Migliaia di persone sono scese in strada negli ultimi giorni in tutte le principali città di Cuba, dove la situazione economica per la popolazione sembra diventata insostenibile. Alternativamente manca l’elettricità, quindi la rete Internet, alcuni generi alimentari e soprattutto, causa Covid, sono spariti i turisti, principale fonte di reddito per un’ampia fetta degli abitanti.

“Chi guida il Paese ha di fronte una scelta: ascoltare la piazza, il popolo, oppure perdere tutto”, ha detto Bertinotti in un’intervista a Repubblica. L’ex leader di Rifondazione comunista riconosce i problemi, pur sottolineando le conquiste ottenute da L’Avana.

“Rimangono fattori caratteristici dell’esperienza cubana come la centralità dell’istruzione, l’eccellenza della sanità pubblica, la solidarietà e l’internazionalismo.

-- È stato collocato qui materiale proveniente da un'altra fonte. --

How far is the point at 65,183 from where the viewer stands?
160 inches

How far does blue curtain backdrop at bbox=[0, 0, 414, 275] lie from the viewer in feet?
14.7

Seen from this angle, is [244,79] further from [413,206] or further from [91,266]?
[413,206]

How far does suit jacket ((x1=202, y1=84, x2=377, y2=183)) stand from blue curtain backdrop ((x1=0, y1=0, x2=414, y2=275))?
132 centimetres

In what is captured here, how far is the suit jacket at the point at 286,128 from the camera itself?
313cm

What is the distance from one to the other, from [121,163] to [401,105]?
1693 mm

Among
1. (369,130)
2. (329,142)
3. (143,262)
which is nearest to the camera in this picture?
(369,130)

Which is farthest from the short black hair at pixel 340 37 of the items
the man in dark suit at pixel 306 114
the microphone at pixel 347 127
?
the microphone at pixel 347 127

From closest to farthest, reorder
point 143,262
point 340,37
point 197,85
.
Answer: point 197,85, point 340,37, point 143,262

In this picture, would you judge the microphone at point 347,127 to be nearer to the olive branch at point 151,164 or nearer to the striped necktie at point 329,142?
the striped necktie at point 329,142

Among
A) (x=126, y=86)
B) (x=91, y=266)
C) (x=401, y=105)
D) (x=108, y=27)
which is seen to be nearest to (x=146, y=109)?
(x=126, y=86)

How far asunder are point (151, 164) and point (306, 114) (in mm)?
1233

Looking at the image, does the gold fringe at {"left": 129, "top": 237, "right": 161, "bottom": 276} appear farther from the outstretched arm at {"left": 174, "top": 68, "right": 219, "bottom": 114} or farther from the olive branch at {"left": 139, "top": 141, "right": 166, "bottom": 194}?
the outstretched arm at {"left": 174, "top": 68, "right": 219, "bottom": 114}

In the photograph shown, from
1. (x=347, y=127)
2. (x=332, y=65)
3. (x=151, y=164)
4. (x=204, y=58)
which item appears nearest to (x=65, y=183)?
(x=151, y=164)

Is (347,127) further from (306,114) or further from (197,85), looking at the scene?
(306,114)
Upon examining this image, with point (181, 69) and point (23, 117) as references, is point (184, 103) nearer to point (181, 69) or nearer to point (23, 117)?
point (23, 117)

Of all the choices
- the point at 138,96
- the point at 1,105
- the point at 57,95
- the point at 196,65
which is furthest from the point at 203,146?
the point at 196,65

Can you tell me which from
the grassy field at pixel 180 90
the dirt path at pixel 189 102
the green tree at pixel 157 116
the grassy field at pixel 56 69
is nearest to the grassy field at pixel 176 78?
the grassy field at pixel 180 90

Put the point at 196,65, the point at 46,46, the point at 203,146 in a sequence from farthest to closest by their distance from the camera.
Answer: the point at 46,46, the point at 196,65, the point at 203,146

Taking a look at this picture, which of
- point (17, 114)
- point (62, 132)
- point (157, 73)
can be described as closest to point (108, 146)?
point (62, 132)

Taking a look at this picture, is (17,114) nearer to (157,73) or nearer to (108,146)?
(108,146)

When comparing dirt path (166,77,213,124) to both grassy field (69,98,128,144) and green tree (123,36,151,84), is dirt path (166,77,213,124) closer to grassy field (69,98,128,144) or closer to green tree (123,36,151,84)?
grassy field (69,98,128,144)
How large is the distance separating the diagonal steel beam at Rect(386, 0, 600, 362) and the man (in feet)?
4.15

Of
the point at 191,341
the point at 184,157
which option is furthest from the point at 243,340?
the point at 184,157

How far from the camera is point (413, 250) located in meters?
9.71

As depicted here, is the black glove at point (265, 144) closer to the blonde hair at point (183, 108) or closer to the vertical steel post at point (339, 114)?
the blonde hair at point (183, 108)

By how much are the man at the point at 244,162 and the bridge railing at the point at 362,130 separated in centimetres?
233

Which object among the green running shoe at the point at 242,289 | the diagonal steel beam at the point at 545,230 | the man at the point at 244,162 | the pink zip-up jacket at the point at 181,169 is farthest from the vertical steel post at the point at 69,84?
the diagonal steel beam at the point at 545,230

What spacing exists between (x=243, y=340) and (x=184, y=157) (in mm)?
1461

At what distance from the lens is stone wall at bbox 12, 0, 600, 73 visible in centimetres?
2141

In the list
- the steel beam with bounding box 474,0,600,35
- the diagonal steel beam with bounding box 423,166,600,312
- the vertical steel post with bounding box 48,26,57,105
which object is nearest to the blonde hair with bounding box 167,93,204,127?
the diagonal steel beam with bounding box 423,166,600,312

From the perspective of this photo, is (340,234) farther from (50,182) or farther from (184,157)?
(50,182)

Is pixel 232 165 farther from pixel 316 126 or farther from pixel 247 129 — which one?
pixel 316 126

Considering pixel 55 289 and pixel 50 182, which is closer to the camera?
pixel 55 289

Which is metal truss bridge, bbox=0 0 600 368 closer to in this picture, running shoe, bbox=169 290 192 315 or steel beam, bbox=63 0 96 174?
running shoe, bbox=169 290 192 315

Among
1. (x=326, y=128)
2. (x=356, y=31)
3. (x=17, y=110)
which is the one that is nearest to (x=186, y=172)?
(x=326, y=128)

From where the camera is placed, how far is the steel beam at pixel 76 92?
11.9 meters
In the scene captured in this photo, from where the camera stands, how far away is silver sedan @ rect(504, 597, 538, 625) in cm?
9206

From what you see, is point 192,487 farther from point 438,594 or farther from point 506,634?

Ma la storia si sta esaurendo, ci sono forme di logoramento: il doppio mercato, le disuguaglianze interne, la burocratizzazione: in questa condizione, subendo lo spiazzamento della storia e una stretta economica vigorosa, ci vorrebbe una rivoluzione nella rivoluzione, un ritorno alla lingua originaria, che era quella di ‘tutto il potere al popolo’. Sarebbe un gesto grande e coerente con la nascita del socialismo cubano un governo che oggi dicesse a chi manifesta ‘avete ragione voi’, non solo per ascoltare ma per costruire la storia assieme a quelle persone, senza covare l’illusione che il mercato sia salvifico”.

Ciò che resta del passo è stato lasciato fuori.